Why the Best Starter Fund May Not Be the Top Performer: The Psychology of Smarter Investing

Brokerage Free Team •October 1, 2025 | 4 min read • 17 views

This month’s cover story tackles a question that seems almost heretical in our returns-obsessed culture: What if the best starter fund isn’t the one with the most impressive track record? What if, paradoxically, for new investors, the “optimal” choice is actually a suboptimal fund?

At first glance, the idea sounds counterintuitive. Decades of personal finance advice, marketing campaigns, and investing folklore have conditioned us to believe that the way to succeed in markets is to simply “pick the winners.” But investing—especially in the early stages—is as much a psychological journey as it is a financial one. The right starting point for a beginner often has less to do with chasing maximum returns and more to do with building confidence, resilience, and discipline.

The Illusion of Track Records

When investors first dip their toes into mutual funds or ETFs, the temptation is to go straight for the fund with the highest 3-year, 5-year, or 10-year return. After all, past performance feels like the most tangible signal of future potential. But history rarely repeats in straight lines.

For example, SPIVA India’s 2023 report showed that more than 85% of actively managed equity funds underperformed their benchmarks over a 5-year horizon. Many funds that topped charts in 2017 had dropped out of the top quartile by 2021. Chasing yesterday’s winners, therefore, often sets up investors for tomorrow’s disappointments.

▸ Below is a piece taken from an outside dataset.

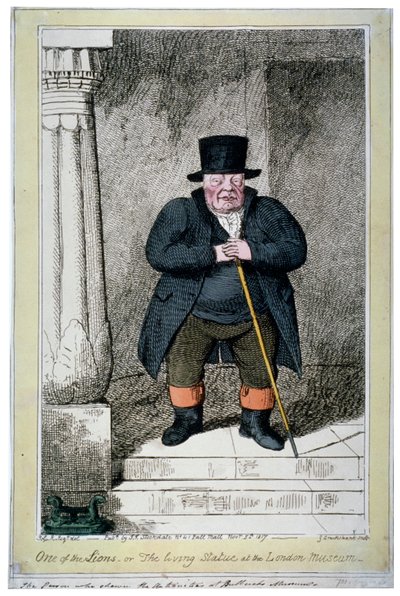 "Yksi lioneista - tai elävä patsas Lontoon museossa", 1817 tekijältä George Cruikshank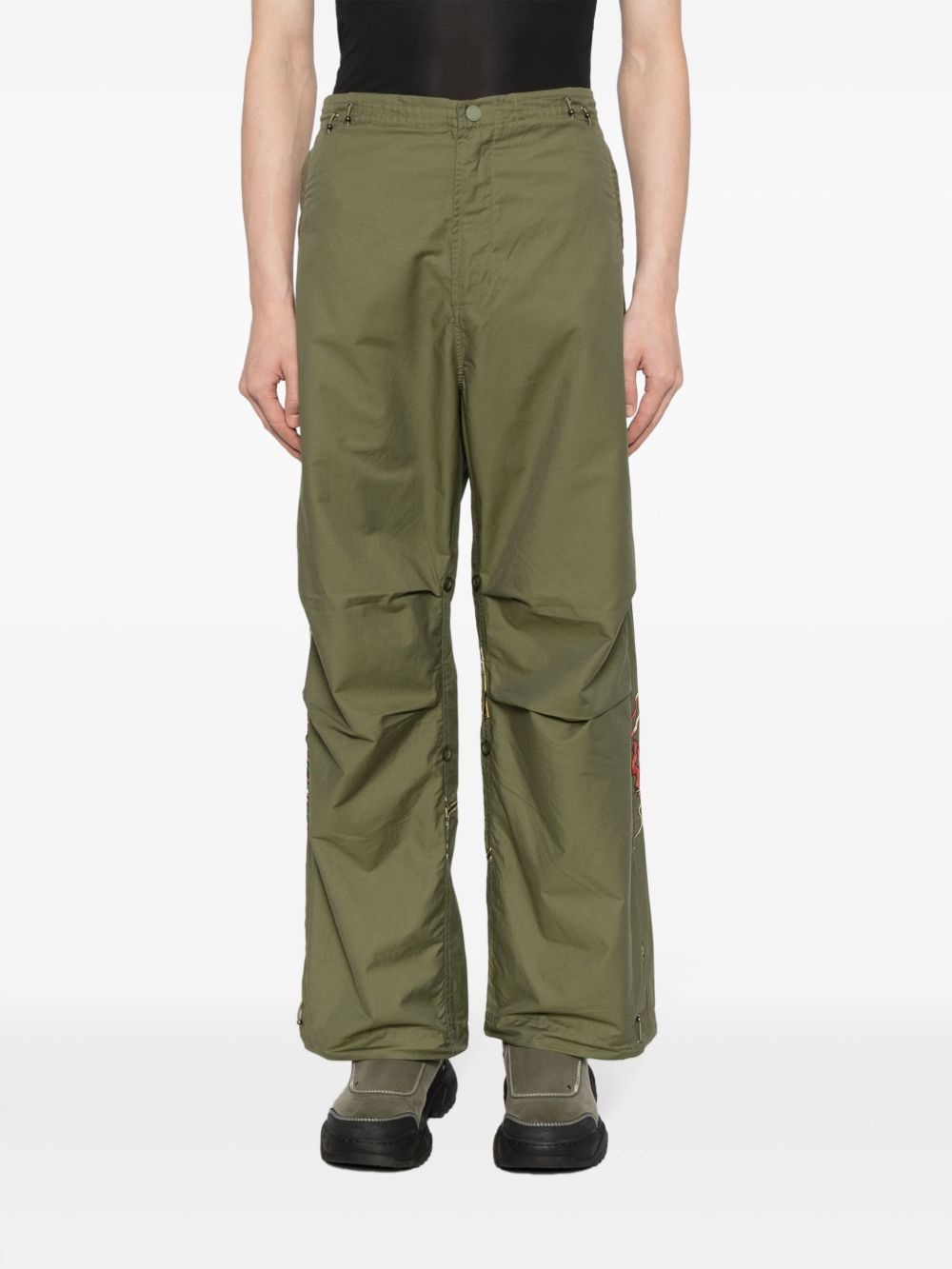 Tiger vs Samurai-embroidered cargo trousers - 3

Why Suboptimal May Be Optimal

For beginners, the “perfect” fund is often the one that aligns with psychology rather than spreadsheets. Here’s why:

  1. Stability Over Excitement
    A fund with steady, less-volatile returns—even if not spectacular—reduces the emotional rollercoaster. A 12% annualized return with fewer shocks may feel safer than a 16% return with wild swings.

  2. Simplicity Builds Confidence
    Broad-based index funds or balanced hybrid funds are easy to understand. Beginners don’t need to decode sector bets or complex strategies. Simplicity keeps them invested.

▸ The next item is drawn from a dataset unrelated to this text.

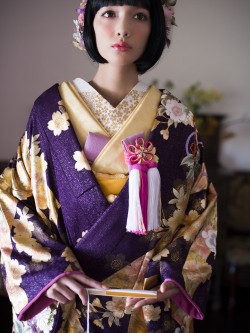 taishou-kun:  Tokiwa ときわ Bridal Core ブライダルコア - Tokushima 徳島 wedding kimono shop - Kimono model : 菜々緒紫地大熨斗目光琳鶴 - Japan - 2015Source : bctokiwa.jp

  3. The Role of “Psychological Wins”
    Modest, consistent growth fosters small but meaningful wins. These reinforce the habit of staying invested, which is far more important than a one-time windfall.

  4. Teaching Patience
    The journey from ₹10,000 to ₹10 lakh doesn’t happen in a year. Suboptimal funds help new investors practice patience—an underrated skill in wealth-building.

The Behavioral Finance Trap: Why We Chase Winners

Investors often make decisions not from logic but from instinct. Common behavioral biases explain why chasing winners usually backfires:

  • Recency Bias – Overweighting recent performance while ignoring long-term averages.

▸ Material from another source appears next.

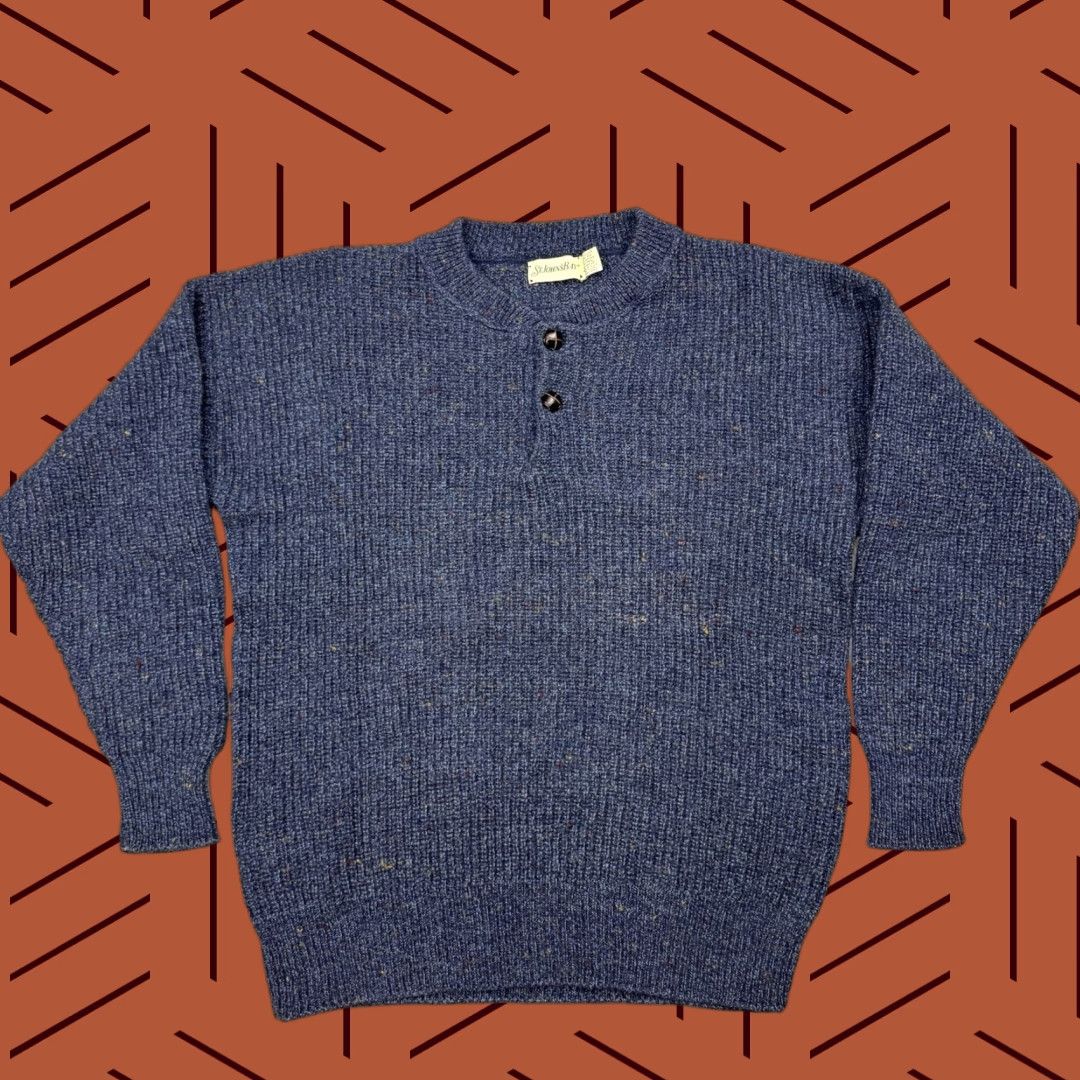 Vintage VINTAGE St. John's Bay USA Made Men's Long Sleeve Henley Sweater L Blue Wool Knit Autumn Winter Casual Size US L / EU 52-54 / 3 - 1 Thumbnail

  • Loss Aversion – Selling quickly after a fall, even if the investment remains sound.

  • Herd Mentality – Investing in whatever peers or social media hype up.

These psychological pitfalls explain why DALBAR research consistently finds that the average mutual fund investor earns 3–4% less annually than the funds themselves—because of poor timing, not poor choices.

A Comparative Illustration

Imagine two investors in 2015:

  • Investor A chose the top-rated fund of the year. By 2020, that fund had slipped to below-average performance, leading to frustration and exit.

  • Investor B picked a simple, broad-market index fund. The returns were not spectacular, but they were consistent, and Investor B stayed invested.

By 2025, Investor B likely had the better outcome—not because of a better fund, but because of better behavior.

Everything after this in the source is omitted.